Activity: Please work out how many lines include the word "Blossom" in the entries, and reply with only the count.

Material shown section start

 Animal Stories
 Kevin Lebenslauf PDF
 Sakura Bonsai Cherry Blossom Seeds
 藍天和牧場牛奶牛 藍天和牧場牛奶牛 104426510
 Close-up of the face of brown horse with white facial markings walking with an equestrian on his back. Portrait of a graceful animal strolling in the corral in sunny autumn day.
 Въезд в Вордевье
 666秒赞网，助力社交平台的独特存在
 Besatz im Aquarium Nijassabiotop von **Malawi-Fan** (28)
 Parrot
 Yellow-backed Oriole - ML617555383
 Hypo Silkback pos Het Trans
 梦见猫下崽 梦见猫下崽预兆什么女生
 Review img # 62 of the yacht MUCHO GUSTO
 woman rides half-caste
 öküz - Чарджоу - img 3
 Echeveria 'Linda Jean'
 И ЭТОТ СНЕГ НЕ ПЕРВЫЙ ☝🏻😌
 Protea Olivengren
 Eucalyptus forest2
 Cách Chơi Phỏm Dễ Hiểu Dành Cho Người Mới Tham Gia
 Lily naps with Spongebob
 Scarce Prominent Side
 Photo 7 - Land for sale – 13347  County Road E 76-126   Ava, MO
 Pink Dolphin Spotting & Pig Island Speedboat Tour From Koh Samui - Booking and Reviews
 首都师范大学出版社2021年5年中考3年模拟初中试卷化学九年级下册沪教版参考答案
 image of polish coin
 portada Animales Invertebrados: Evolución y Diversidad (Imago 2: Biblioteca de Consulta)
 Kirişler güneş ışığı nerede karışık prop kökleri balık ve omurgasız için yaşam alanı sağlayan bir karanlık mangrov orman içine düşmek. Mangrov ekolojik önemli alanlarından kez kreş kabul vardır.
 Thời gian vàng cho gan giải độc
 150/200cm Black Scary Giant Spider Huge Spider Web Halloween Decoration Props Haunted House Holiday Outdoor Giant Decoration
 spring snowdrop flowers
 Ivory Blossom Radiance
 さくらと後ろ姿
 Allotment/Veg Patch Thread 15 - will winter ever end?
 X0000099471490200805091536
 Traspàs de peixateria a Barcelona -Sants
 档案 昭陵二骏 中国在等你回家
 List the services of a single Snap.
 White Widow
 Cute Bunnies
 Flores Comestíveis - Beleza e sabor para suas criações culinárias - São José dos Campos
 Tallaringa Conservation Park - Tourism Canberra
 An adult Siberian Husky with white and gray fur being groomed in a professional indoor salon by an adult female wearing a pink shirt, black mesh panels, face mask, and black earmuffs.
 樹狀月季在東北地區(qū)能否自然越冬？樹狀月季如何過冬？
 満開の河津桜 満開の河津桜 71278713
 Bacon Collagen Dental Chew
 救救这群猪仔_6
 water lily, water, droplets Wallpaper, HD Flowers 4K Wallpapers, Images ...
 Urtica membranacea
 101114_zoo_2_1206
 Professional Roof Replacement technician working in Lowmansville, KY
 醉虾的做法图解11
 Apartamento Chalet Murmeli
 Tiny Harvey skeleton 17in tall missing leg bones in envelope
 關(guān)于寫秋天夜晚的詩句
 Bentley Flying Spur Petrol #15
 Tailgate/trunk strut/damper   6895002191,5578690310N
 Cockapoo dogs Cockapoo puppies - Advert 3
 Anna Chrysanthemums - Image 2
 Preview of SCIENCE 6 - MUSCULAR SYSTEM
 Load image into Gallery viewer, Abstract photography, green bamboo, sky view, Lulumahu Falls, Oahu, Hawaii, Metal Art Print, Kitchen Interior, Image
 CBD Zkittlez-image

Material shown section end

Reply: 2